>>>

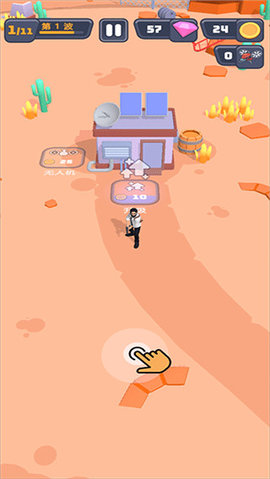 突突保卫队 1.0.0 安卓版 2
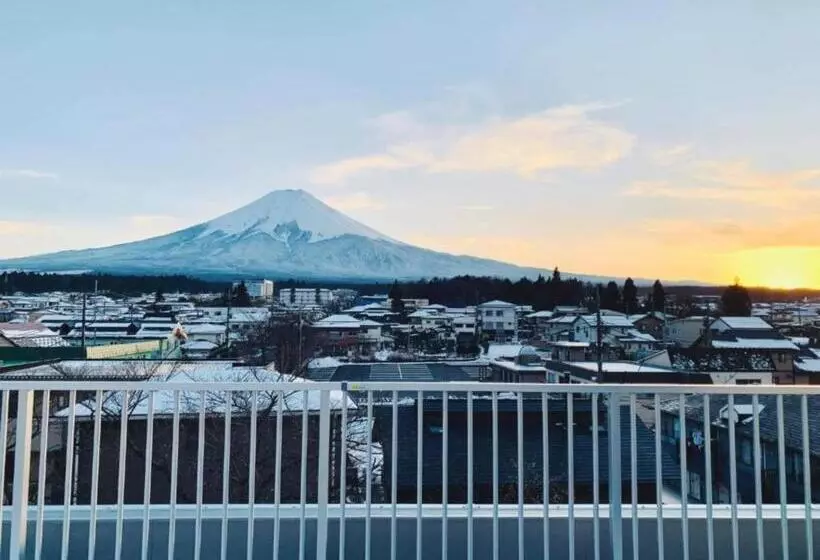 Hotelli Megu Fuji 2021 Vacation Stay 21473v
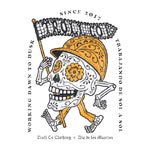 Men's Dawn To Dusk T-Shirt | Color: White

<<<

> **WORK ITEM**
Copy out nothing but text: transcribe the listing exactly and skip each picture.

> **YOUR SOLUTION**
 突突保卫队 1.0.0 安卓版 2
 Hotelli Megu Fuji 2021 Vacation Stay 21473v
 Men's Dawn To Dusk T-Shirt | Color: White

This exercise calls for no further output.